Assignment – Your answer must be the lines of the material below, exactly as written, from its first line through the line with "Vintage Deadstock Vintage", and no pictures.

Data extract –
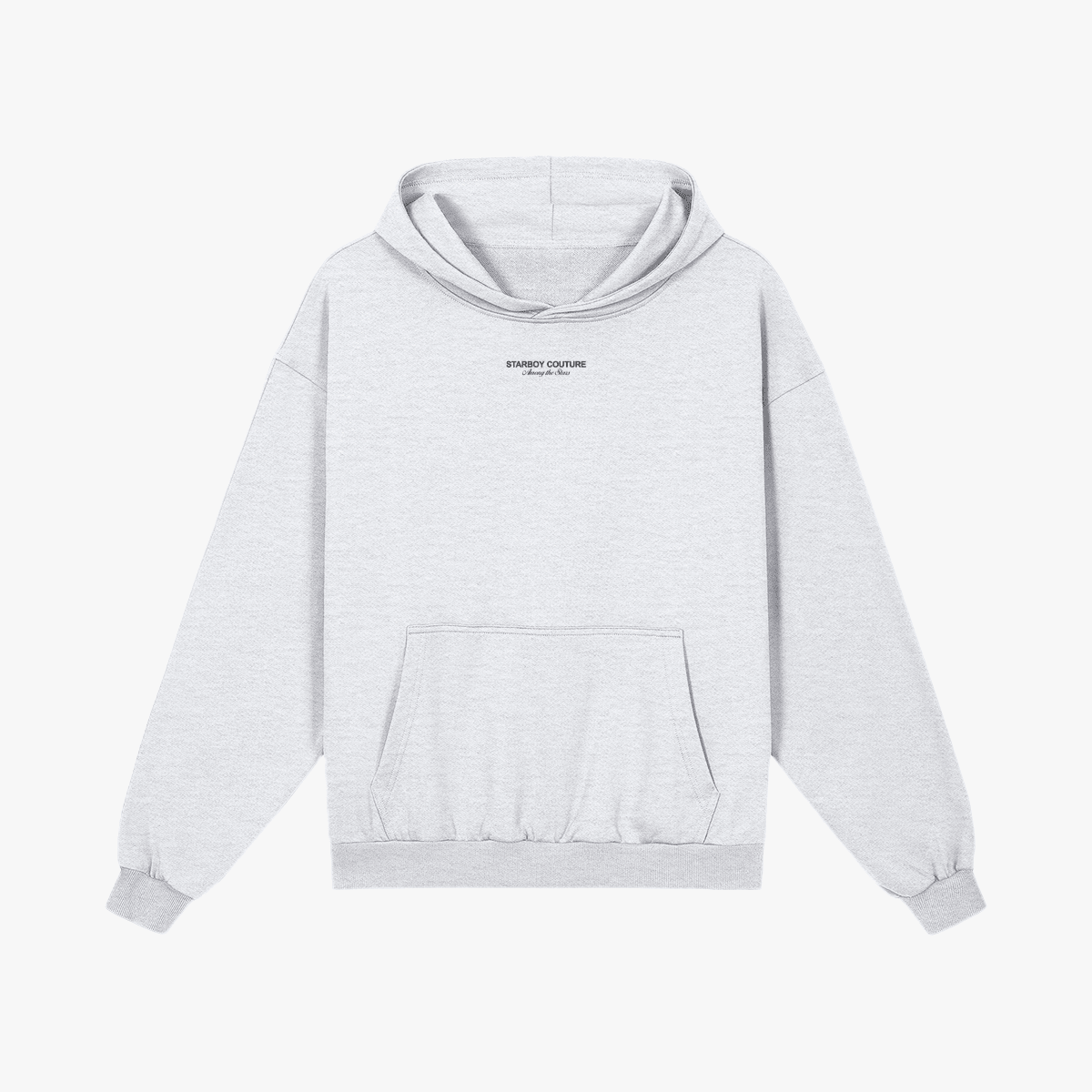 Luxury Sportswear Hoodie - Starboy CoutureHoodie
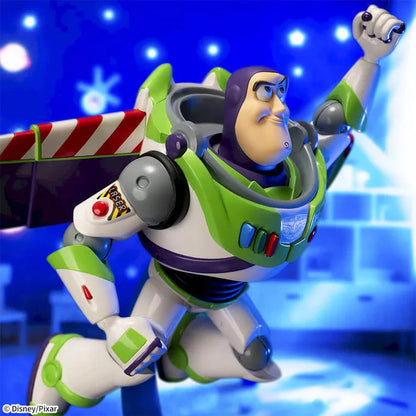 TOY STORY 5 – Figurine Buzz l'Éclair Figurizmα SEGA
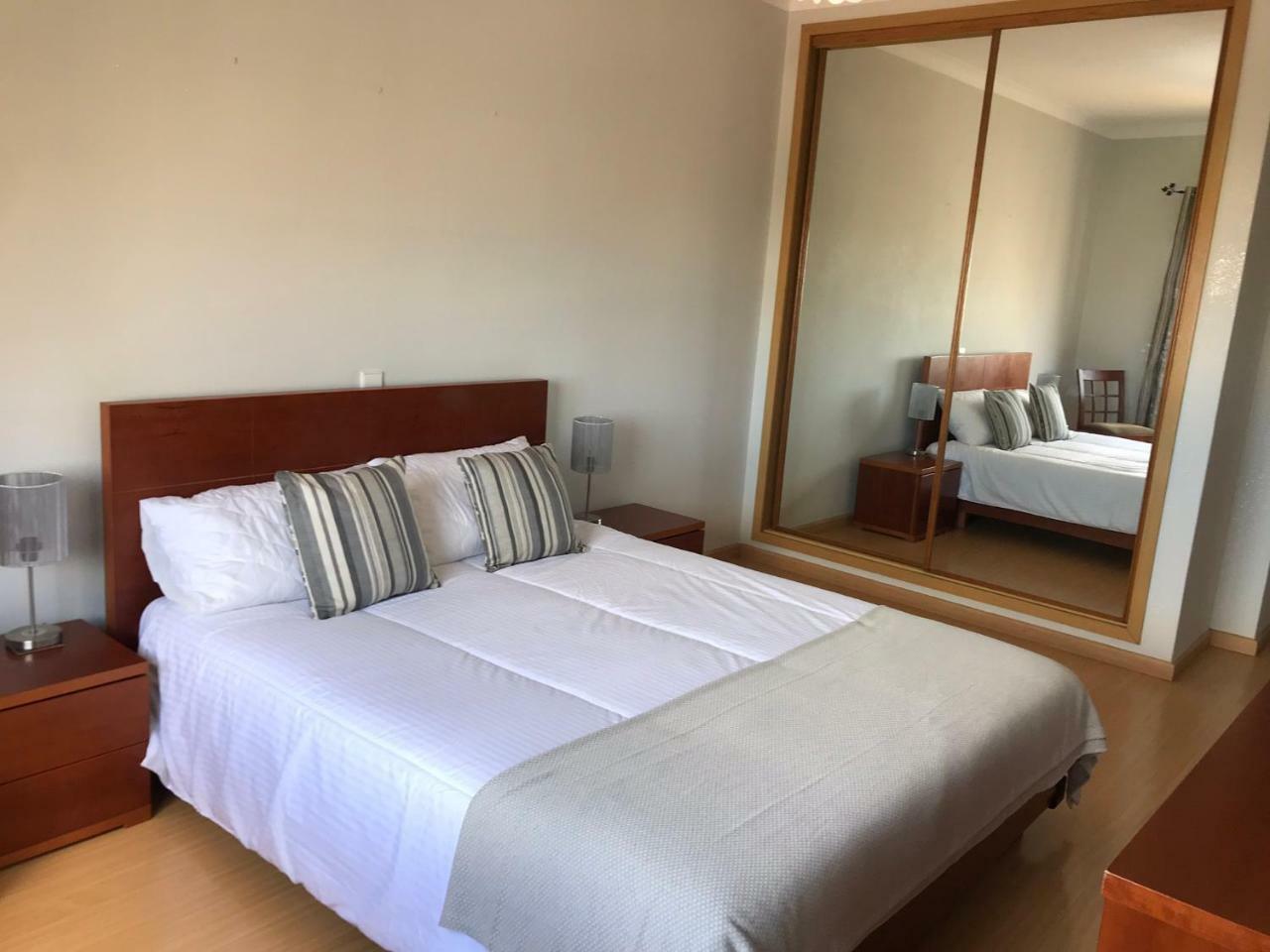 The Hoffy Beach Apartment 라고스 외부 사진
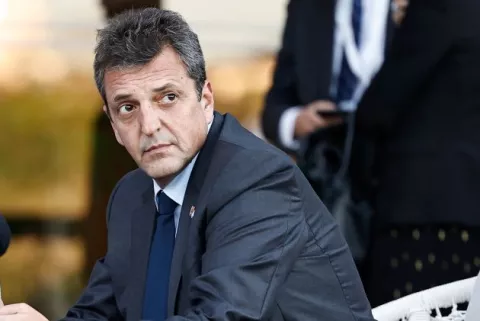 FMI aprueba desembolso de $7,500 millones para Argentina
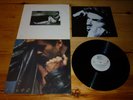 GEORGE MICHAEL FAITH VINYL ALBUM RECORD LP 1st PRESS 1987 +INSERTS PLAYS NR MINT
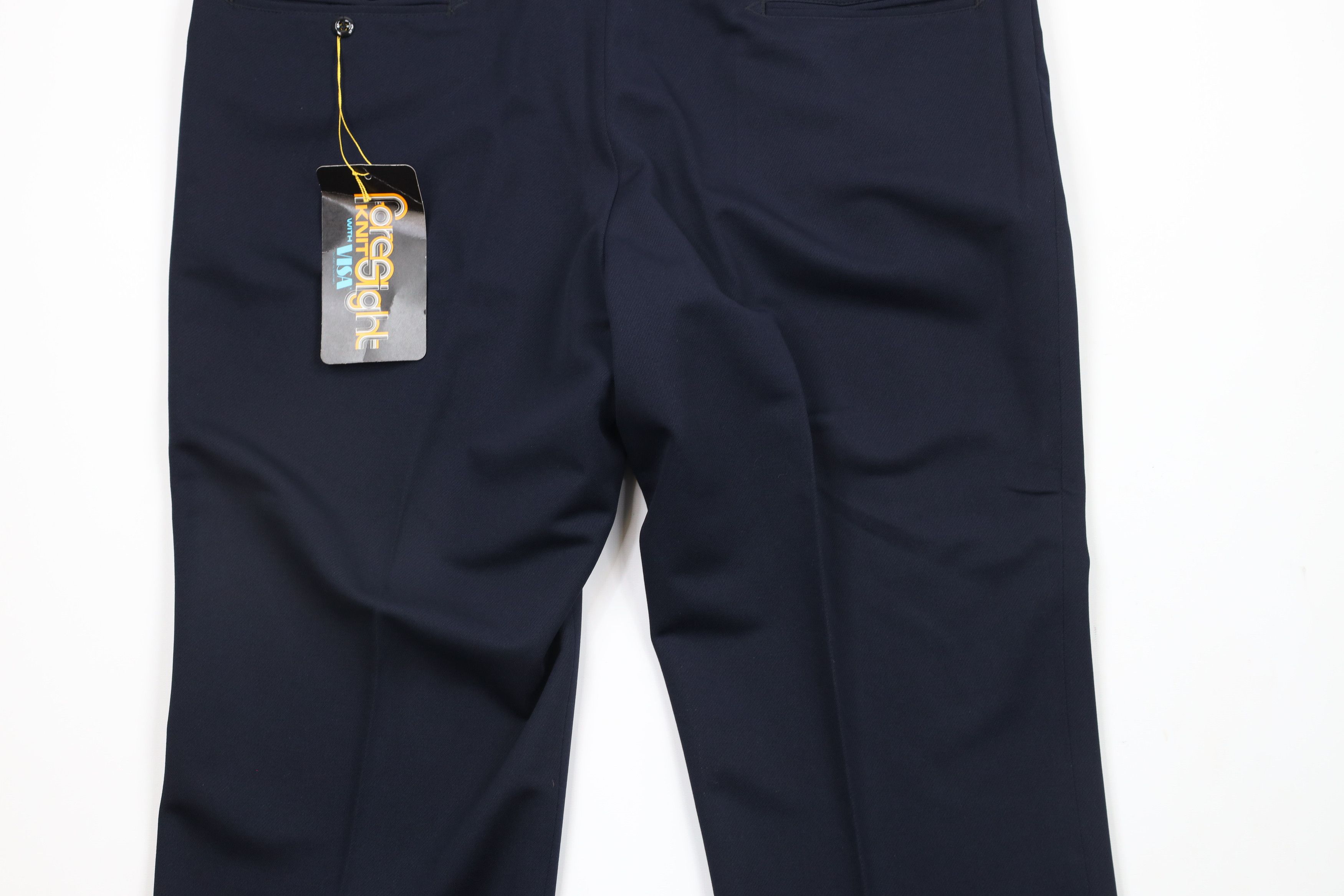 Vintage Deadstock Vintage 70s Streetwear Bell Bottoms Pants USA Size US 40 / EU 56 - 11 Thumbnail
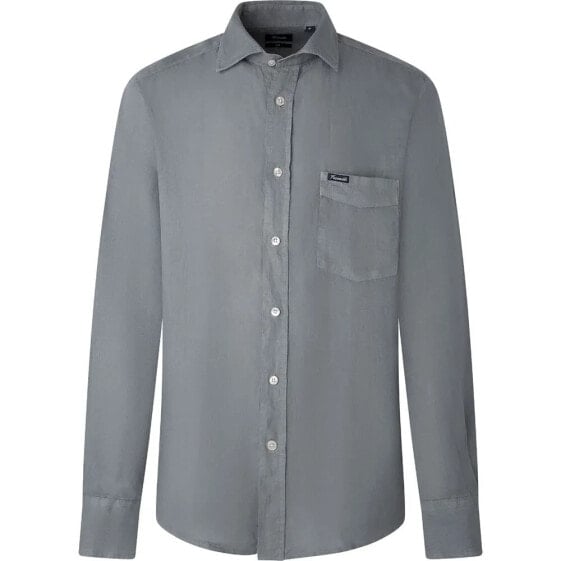 FAÇONNABLE Cl Sprd Gdlin long sleeve shirt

Exercise response –
 Luxury Sportswear Hoodie - Starboy CoutureHoodie
 TOY STORY 5 – Figurine Buzz l'Éclair Figurizmα SEGA
 The Hoffy Beach Apartment 라고스 외부 사진
 FMI aprueba desembolso de $7,500 millones para Argentina
 GEORGE MICHAEL FAITH VINYL ALBUM RECORD LP 1st PRESS 1987 +INSERTS PLAYS NR MINT
 Vintage Deadstock Vintage 70s Streetwear Bell Bottoms Pants USA Size US 40 / EU 56 - 11 Thumbnail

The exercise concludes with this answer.